Catalytic Oxidation of Soot and Volatile Organic Compounds over Cu and Fe Doped Manganese Oxides Prepared via Sol-Gel Synthesis

A set of manganese oxide catalysts was synthesized and doped with Cu and/or Fe by means of the citric acid sol-gel preparation method. The samples were studied by means of several characterization techniques: field-emission scanning electron microscopy (FESEM), X-ray powder diffraction (XRD), N₂-physisorption at -196 °C, H₂ and soot temperature-programmed reduction (H₂-TPR, soot-TPR) and X-ray photoelectron spectroscopy (XPS). The catalytic performance of the prepared catalysts was investigated in the oxidation of a probe VOC molecule (propylene) and carbon soot singularly and simultaneously. The catalytic performances were studied as well assuring a content of 5 vol.% of water in the gaseous reactive mix.
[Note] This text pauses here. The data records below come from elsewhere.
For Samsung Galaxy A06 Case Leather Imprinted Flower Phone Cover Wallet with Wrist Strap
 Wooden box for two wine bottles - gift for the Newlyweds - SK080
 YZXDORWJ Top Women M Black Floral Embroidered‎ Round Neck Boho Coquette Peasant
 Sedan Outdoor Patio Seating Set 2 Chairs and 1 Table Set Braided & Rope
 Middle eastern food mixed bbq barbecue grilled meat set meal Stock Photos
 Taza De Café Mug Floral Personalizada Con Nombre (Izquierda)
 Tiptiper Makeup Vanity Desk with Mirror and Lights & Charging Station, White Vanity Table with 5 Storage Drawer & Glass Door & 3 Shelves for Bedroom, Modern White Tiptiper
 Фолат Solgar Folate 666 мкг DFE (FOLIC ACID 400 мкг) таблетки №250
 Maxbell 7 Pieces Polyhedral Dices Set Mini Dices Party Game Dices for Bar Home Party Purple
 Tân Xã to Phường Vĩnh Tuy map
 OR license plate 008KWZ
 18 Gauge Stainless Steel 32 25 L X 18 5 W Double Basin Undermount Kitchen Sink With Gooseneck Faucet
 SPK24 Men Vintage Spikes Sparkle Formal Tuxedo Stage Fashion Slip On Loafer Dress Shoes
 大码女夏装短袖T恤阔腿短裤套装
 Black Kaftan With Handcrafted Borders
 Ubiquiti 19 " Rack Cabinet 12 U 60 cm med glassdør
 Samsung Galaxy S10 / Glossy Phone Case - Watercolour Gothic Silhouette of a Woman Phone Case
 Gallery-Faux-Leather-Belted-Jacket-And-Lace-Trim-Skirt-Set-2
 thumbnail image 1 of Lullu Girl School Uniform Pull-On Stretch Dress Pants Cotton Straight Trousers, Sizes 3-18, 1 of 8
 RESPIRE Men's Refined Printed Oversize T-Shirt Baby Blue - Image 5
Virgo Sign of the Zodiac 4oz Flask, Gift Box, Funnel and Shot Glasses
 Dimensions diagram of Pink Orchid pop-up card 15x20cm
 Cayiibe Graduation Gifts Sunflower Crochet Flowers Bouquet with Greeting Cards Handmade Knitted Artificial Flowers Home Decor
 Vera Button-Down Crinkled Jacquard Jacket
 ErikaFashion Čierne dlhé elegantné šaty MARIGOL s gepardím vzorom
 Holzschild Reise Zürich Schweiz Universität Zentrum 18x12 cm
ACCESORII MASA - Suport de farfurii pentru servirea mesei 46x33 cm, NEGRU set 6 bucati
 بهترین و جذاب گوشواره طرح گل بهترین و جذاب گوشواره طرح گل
The investigations evidenced that the best soot catalytic oxidation rates occurred over the Mn₂O₃ sample, while the copper-doped manganese oxide (i.e. the MnCu₁₅) showed the best performance in the decomposition of propylene. The soot conversion rates of the samples were positively correlated to the Mn³⁺/Mn²⁺ ratio of the samples, while the activity in the oxidation of propylene could be attributed to the reducibility enhancement caused by the insertion of Cu species in the structure of Mn₂O₃. The most active samples in soot oxidation demonstrated only a slight catalytic activity deactivation after thermal aging and practically no deactivation during the tests with humidity. Interestingly, the simultaneous soot-propylene oxidation tests evidenced an enhancement of the oxidation of soot particles in “tight” contact with the catalyst, likely due to a cooperative effect between soot and propylene oxidation.